- [EXERCISE OBJECTIVE]: Nothing in the copy should be a picture; everything else in the listing is to be restated exactly.

- [DATA UNDER STUDY]:
■ ■ ■

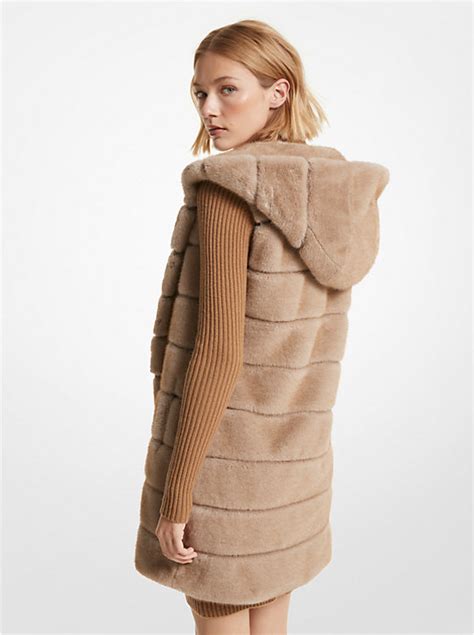 michael michael kors quilted faux fur hooded vest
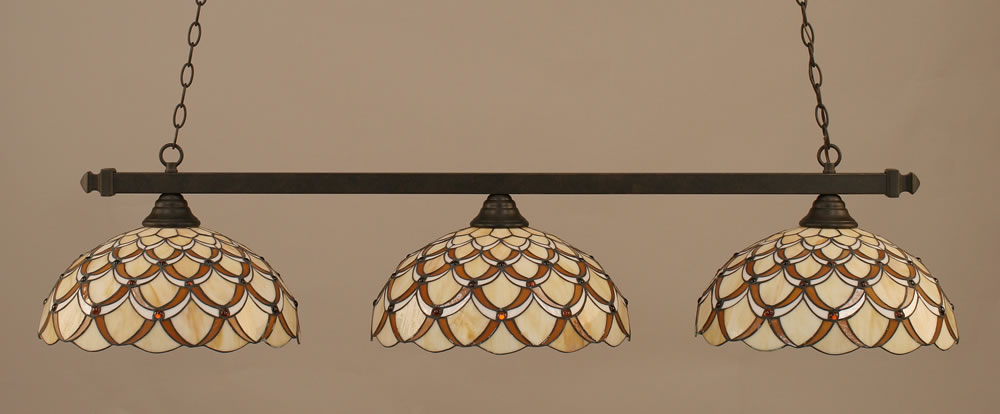 Square 3 Light Billiard Light Shown In Dark Granite Finish With 16" Honey & Brown Scallop Tiffany Glass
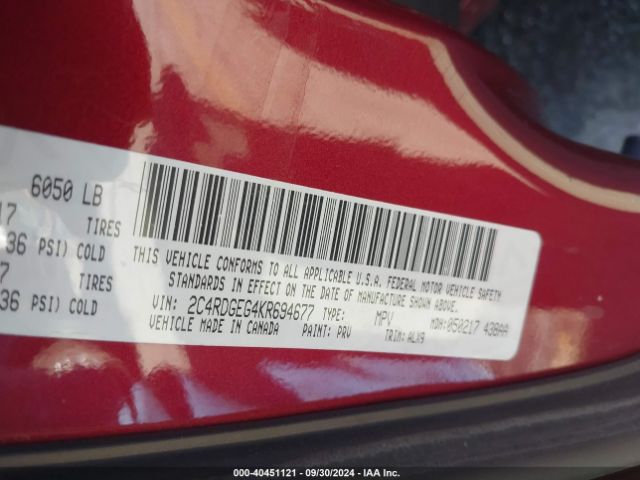 2C4RDGEG4KR694677 Dodge Grand Caravan Gt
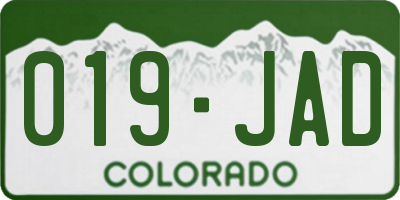 CO license plate 019JAD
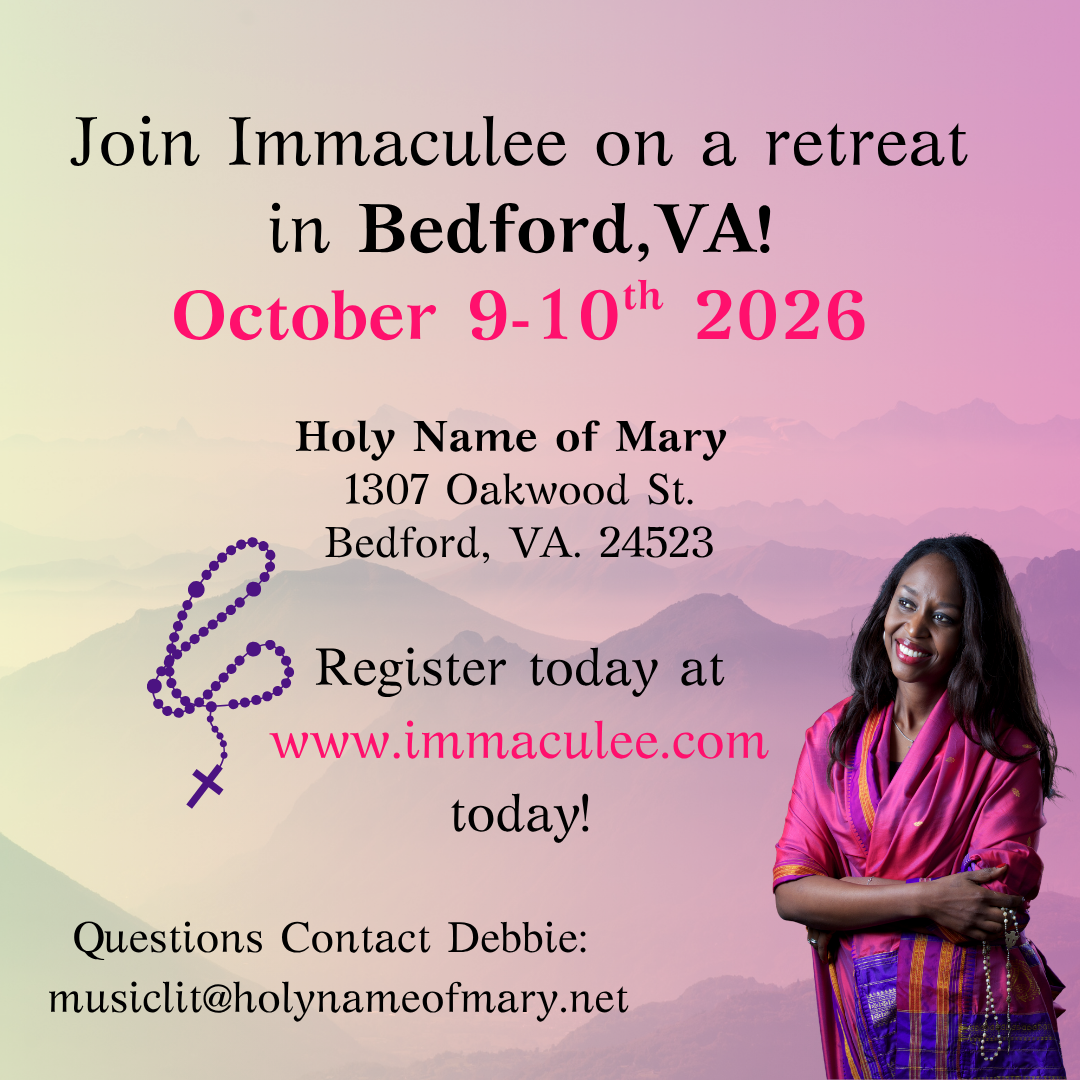 Bedford VA October 9 - 10, 2026 with Immaculee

■ ■ ■

- [OUTPUT FOR THIS EXERCISE]:
 michael michael kors quilted faux fur hooded vest
 Square 3 Light Billiard Light Shown In Dark Granite Finish With 16" Honey & Brown Scallop Tiffany Glass
 2C4RDGEG4KR694677 Dodge Grand Caravan Gt
 CO license plate 019JAD
 Bedford VA October 9 - 10, 2026 with Immaculee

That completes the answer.